Cyberinfrastructure for the Social and Behavioral Sciences
By Bennett I. Bertenthal, PhD
Social and behavioral science requires the ability to compare, measure, and search for patterns in semi-structured and heterogeneous data. The challenge is to integrate information over time, place, and types of data in order to scale up the opportunities for comparisons. Once these diverse datasets are integrated, tools are necessary for annotation and analysis of the different data types, including voice, video, images, text, and integer and real numbers.
Currently, investigators studying the neural, cognitive, and social behaviors of humans lack the tools to assess multiple measures at multiple levels simultaneously and to store and analyze these measures in a common database. Significant conceptual, technical, and analytic advances are necessary for understanding multimodal human behaviors at different time scales. This new field lies at the intersection of computer vision, database design, psycholinguistics, cognitive and social neuroscience, psychology, linguistics, education, anthropology, sociology, and high speed computing and networking. Successful collaboration among these diverse disciplines requires a "data interface" (e.g., shared datasets and databases), a "service interface" (e.g., shared tools for analysis), and an intellectual interface (e.g., shared problems and theories) to support multidisciplinary research.

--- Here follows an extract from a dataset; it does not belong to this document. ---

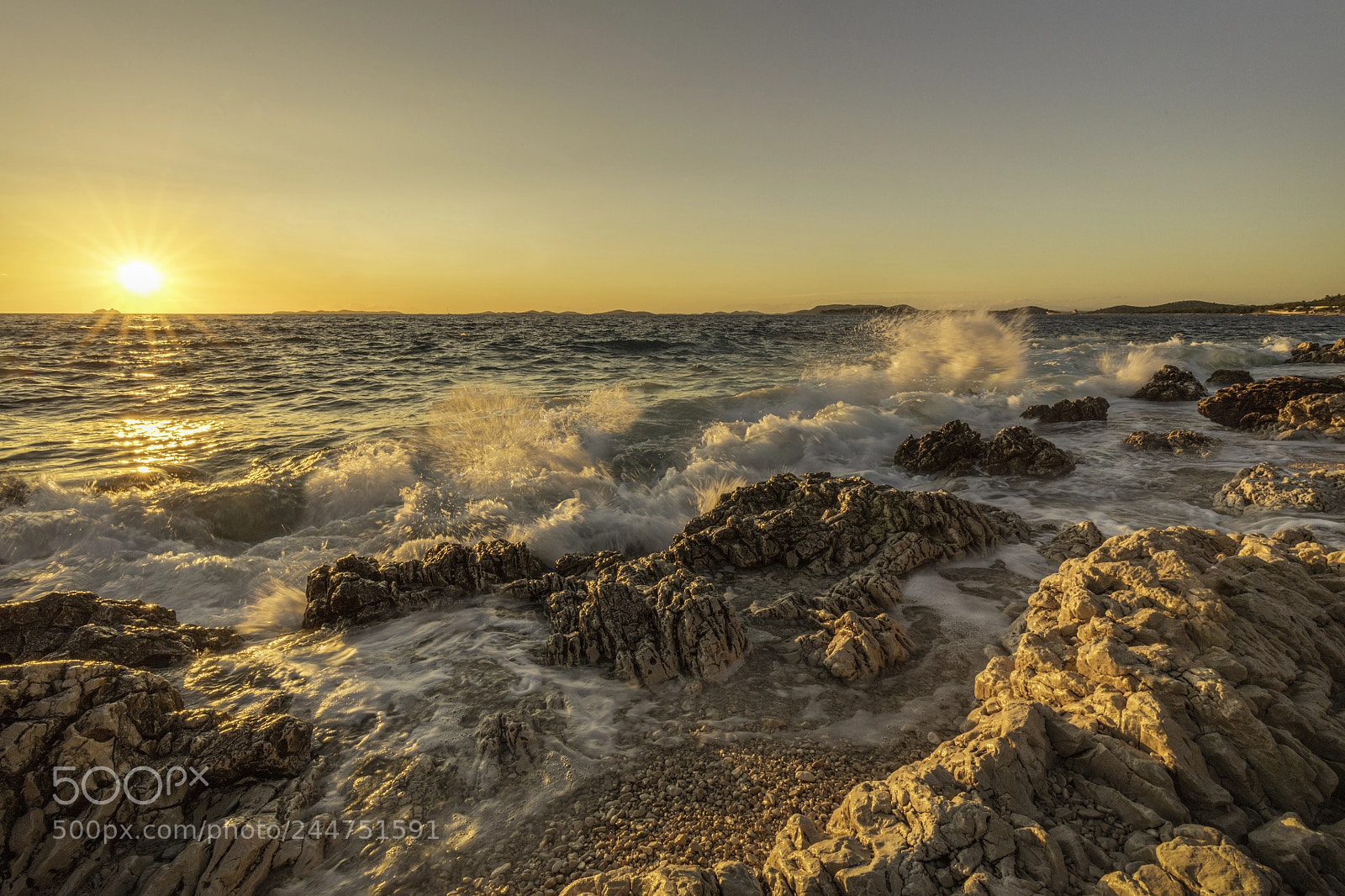 Canon EOS 5DS R sample photo. Croatian summer photography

In response to this need, my colleagues and I are developing a Social Informatics Data (SID) Grid that will enable researchers to collect real-time multimodal behavior at multiple time scales. Multimedia data will be stored in a distributed data warehouse that employs Web and Grid services to support data collection, storage, access, exploration, annotation, integration, analysis, and mining of individual and combined data sets. Although a number of groups are currently developing large data archives for research purposes, our project is unique because it is focused on streaming data, such as videos and physiological measures, which change over time. The ability to investigate multiple measures of human behavior simultaneously and at different time scales is essential to understanding how behavior is dynamic, multi-level, and multi-causal.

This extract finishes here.